**** Supplied records
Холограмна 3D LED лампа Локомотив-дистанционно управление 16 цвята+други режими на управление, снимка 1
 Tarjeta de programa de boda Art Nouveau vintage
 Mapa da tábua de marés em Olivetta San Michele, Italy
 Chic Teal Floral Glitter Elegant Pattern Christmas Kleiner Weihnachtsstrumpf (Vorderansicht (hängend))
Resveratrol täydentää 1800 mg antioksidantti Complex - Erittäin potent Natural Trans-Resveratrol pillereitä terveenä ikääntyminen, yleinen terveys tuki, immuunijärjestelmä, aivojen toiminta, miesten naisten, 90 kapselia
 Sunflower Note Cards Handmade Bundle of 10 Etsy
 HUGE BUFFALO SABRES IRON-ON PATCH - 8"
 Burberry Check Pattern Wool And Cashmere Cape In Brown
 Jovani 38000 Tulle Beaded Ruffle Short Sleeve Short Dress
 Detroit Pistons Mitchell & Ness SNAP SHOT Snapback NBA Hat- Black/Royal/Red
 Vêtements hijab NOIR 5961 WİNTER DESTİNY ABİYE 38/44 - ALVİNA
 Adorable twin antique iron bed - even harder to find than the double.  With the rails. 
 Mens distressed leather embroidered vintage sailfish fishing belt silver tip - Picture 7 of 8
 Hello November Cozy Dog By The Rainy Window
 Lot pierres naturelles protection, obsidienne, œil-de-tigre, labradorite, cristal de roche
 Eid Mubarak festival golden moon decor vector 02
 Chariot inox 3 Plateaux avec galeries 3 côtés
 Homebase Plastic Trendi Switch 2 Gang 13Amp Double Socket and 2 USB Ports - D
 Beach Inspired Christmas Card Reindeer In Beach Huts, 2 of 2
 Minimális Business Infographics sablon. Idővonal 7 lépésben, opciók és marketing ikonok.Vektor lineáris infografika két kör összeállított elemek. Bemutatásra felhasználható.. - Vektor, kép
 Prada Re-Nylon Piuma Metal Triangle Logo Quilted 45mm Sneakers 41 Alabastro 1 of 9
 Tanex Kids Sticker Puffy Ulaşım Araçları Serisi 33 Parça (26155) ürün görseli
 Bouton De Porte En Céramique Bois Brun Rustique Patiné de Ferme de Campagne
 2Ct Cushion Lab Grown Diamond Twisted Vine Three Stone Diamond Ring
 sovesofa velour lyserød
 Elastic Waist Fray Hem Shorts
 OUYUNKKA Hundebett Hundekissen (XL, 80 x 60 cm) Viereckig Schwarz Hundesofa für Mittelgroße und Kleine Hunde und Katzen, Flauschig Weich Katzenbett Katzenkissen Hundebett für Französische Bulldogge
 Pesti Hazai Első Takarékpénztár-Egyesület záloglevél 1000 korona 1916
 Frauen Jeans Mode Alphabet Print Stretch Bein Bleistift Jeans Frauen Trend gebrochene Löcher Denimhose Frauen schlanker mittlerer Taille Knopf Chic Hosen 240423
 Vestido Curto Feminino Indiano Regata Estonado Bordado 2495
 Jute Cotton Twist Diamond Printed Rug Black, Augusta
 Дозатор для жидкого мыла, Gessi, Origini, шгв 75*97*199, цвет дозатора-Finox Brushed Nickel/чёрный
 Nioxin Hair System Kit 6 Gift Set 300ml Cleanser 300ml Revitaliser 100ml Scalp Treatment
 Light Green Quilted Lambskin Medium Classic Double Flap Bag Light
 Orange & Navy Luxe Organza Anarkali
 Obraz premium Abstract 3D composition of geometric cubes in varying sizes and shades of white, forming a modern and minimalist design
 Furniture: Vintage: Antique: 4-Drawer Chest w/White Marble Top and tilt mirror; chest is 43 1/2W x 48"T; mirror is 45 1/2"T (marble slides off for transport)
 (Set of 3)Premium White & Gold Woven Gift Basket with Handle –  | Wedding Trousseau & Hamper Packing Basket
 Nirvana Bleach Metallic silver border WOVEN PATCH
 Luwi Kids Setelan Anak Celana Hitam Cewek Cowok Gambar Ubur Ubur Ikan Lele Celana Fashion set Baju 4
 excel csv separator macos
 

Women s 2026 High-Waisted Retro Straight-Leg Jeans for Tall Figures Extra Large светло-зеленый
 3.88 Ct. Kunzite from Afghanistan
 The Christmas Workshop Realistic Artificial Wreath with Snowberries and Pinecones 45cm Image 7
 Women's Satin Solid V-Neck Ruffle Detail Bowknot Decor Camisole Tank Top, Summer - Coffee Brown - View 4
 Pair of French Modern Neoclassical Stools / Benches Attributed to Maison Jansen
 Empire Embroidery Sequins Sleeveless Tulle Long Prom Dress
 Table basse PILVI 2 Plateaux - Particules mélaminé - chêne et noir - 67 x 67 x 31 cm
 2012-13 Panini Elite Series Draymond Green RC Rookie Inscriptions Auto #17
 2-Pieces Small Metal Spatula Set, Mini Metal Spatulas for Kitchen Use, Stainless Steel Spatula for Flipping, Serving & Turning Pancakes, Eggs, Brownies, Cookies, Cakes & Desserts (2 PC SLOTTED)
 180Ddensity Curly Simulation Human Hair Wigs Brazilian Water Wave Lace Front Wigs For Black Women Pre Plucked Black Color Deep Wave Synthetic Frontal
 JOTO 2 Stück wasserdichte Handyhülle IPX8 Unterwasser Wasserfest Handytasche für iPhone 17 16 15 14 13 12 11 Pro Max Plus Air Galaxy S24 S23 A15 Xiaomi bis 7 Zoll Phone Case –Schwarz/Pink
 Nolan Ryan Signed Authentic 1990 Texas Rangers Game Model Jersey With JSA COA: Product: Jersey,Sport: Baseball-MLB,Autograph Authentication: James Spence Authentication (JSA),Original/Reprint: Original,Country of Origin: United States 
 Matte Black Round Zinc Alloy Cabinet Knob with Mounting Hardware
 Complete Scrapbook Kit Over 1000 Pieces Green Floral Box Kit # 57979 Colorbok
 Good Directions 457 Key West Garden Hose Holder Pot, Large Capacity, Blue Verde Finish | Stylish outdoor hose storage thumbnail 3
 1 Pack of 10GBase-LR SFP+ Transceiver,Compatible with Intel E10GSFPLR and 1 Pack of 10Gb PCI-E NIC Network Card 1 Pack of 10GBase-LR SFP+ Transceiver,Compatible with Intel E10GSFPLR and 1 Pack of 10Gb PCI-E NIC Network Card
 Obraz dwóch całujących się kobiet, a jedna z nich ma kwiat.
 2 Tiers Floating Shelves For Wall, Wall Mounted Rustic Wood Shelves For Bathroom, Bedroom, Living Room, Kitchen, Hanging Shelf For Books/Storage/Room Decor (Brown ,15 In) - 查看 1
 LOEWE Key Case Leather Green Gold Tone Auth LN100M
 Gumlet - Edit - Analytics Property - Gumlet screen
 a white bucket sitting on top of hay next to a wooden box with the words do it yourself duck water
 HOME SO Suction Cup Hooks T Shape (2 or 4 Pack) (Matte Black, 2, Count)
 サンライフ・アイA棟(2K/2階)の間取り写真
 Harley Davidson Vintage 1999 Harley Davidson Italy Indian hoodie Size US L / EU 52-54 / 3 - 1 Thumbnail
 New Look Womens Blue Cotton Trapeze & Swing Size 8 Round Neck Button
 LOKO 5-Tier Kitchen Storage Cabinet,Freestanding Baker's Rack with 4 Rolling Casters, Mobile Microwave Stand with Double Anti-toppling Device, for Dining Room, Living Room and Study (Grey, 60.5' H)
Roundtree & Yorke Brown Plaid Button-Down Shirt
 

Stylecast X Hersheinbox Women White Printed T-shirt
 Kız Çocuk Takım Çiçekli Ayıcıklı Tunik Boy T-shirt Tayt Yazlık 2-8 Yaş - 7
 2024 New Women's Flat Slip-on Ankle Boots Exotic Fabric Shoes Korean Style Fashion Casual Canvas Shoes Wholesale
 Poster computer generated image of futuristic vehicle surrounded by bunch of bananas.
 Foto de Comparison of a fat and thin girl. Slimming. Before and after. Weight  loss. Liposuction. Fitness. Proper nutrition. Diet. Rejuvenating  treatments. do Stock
********
- [Task instructions] Both end lines included, restate word for word the lines above from the line with "a white bucket" to the line with "2024 New Women's", and nothing else.

- [Result below]
 a white bucket sitting on top of hay next to a wooden box with the words do it yourself duck water
 HOME SO Suction Cup Hooks T Shape (2 or 4 Pack) (Matte Black, 2, Count)
 サンライフ・アイA棟(2K/2階)の間取り写真
 Harley Davidson Vintage 1999 Harley Davidson Italy Indian hoodie Size US L / EU 52-54 / 3 - 1 Thumbnail
 New Look Womens Blue Cotton Trapeze & Swing Size 8 Round Neck Button
 LOKO 5-Tier Kitchen Storage Cabinet,Freestanding Baker's Rack with 4 Rolling Casters, Mobile Microwave Stand with Double Anti-toppling Device, for Dining Room, Living Room and Study (Grey, 60.5' H)
Roundtree & Yorke Brown Plaid Button-Down Shirt
 

Stylecast X Hersheinbox Women White Printed T-shirt
 Kız Çocuk Takım Çiçekli Ayıcıklı Tunik Boy T-shirt Tayt Yazlık 2-8 Yaş - 7
 2024 New Women's Flat Slip-on Ankle Boots Exotic Fabric Shoes Korean Style Fashion Casual Canvas Shoes Wholesale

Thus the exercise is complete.